De volgende morgen zien we Rafsangan slechts in de verte liggen tussen nog meer pistachenotenvelden, er is een ringbaan rond aangelegd. Maar er is ook niets te zien volgens de reisgids. Enkel is de vorige president (Rafsangani) is er geboren.

's Middags vormen Barbara en Naas de kookploeg omdat ze geen rijst willen eten. De kinderen scanderen "meer frieten, minder rijst,... meer frieten, minder rijst....". Het worden gebakken aardappelen en eieren. Ik probeer het iranese alcoholvrije bier - niet voor herhaling vatbaar. We staan weer aan een pomp waar het water van diep onder de grond wordt gepompt, dit ondergronds water is duidelijk zeer belangrijk voor Iran.

We maken nog een pitstop om 10 liter olie te kopen en komen vrij vroeg aan in Kerman. We zijn verbaasd een mooie rustige plaats te vinden enkele kilometer ten noorden van Kerman in een bos. Een beminnelijk man brengt ons met zijn Pickup terug naar het stadcentrum, hij toont ons twee moskeën en brengt ons naar de ingang van de Bazaar, waarna hij ons met rust laat. We strompelen door de 3 kilometer lange bazaar en bezoeken een prachtig traditioneel theehuis waar we 1 thee en 4 vruchtensapjes bestellen. Er wordt mooie traditionele iraanse lifemuziek gespeelt. We lopen rond het plein van de koperslagers en komen uiteindelijk aan de andere kant van de Bazaar uit. Als we aan de post komen blijken we te laten te zijn: gesloten. Terug richting bazaar, de kinderen willen weer hamburger eten maar we vinden geen aantrekkelijke hamburgertent, het is nu pas zeven uur en veel te vroeg voor de iranezen. De lege "restaurants" zijn nauwelijks als restaurant te herkennen. Uiteindelijk stappen we binnen in een van de grootste restaurants die we tegenkomen en eten er drie proties kip met rijst en twee porties "chelo kebab" (het iranese gerecht bij uitstek: gekookte rijst met een spies schapevlees)

Een taxi brengt ons terug naar het bos, alwaar we zeer rustig kunnen slapen.

Kerman, Joopar, Mahan donderdag 16 augustus

(herschreven versie , zie Zahedan)

's Morgens rijden we naar het stadscentrum, we parkeren langs de Emam Khomeinie straat en stappen opnieuw naar de Bazaar. We bezoeken het badkamermuzeum. Een tradionele gerenoveerde Haman (badhuis) met enkele wassen beelden. Piet maakt vele kiekjes met het digitaal fototoestel en Barbara verzameld foto's van de prachtige tegeltjes aan de muur.

In de bazaar kopen we een ruime lichte pofbroek voor papa Koen en iets later ook voor Naas.

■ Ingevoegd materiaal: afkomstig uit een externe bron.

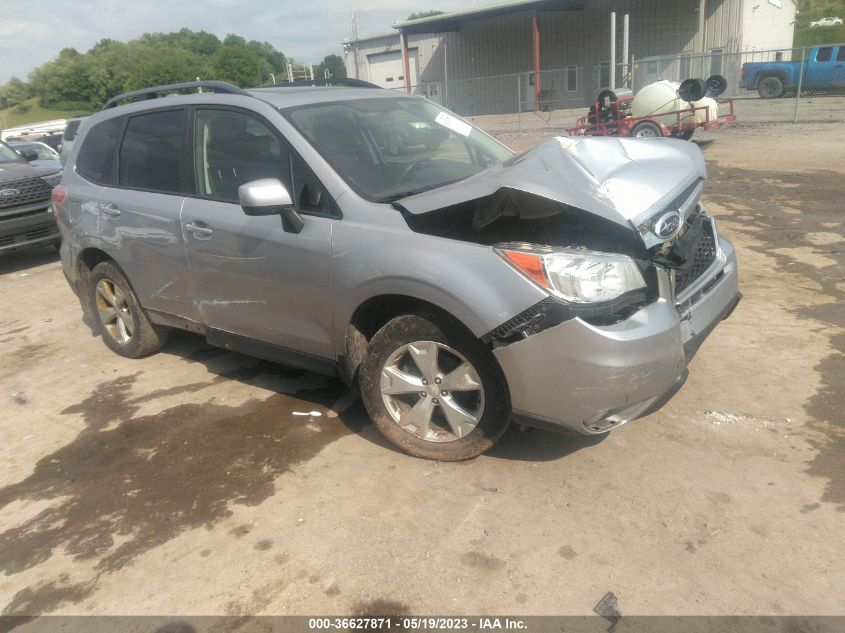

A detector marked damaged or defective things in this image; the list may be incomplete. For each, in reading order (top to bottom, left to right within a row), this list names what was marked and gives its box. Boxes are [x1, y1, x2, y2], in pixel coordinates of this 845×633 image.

crumpled hood [398, 136, 704, 230]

Piet voelt zich niet zeer lekker deze morgen en blijft met mama, Barbara en Sofie wachten in een park terwijl ik met Naas naar de post ga. De post is open maar de postzegelverkoper is er niet. We nemen een taxi naar de kamion en middagmalen midden in de hoofdstraat waar het nu zeer rustig is. De siesta wordt hier door eenieder gerespecteerd.

Onze derde poging om onze brieven (rappels aan de klanten van Hokus Pokus) te versturen is succesvol. We kunnen tot vlak voor de post rijden, al moeten we daarvoor een paar blokjes rijden aangezien er hier ook op de meeste plaatsen eenrichtingsverkeer is. Tijdens de siesta is dit echter geen enkel probleem. Van de 35 loketten is er dit maal weer één lokket open: het lokket van de postzegelverkoper.

Om de grote baan te vermijden rijden we via Joopar naar Mahan. Joopar is een rustig dorp dat als bedevaartsoord dienst doet. Bussen vol devote moslims komen hier bidden in een mausoleum. Wij zijn vooral geïnteresseerd in het plafond: duizenden spiegeltjes in een typisch persisch patroon reflecteren het licht naar alle kanten.

We doen nog wat inkopen en vinden kip in blik .

De volgende halte is het mausoleum in Mahan. Als ik de kamion in een zijstraat parkeer, zwaaien er twee mensen vanop het dak van het mausoleum: het zijn de twee duitsers die we in Yazd ontmoetten. We krijgen de telefoonnummers en e-mail adressen van Martin Kunz die in Singapore werkt voor Siemens (MA.KUNZ@GMX.DE). Sympathiek Arnold (de hollandie) is er niet meer bij: hij is op weg naar de caspische zee. Het mausoleum is zeer groot en mooi: drie prachtige binnenpleinen met water en grote bomen. We beklimmen er ook het dak en Piet en Sofie mogen tot helemaal boven in een minaret (een siegarret volgens Sofie). Barbara en Naas zijn ondertussen "thuis" aan het kaarten. Vijf kilometer buiten Mahan parkeren we voor de tuin van een onbekende prins. Als de bussen met lawaaierige iranies weg zijn en we gehaktballetjes met bonen en bulgar hebben genuttigd wordt het rustig om te slapen.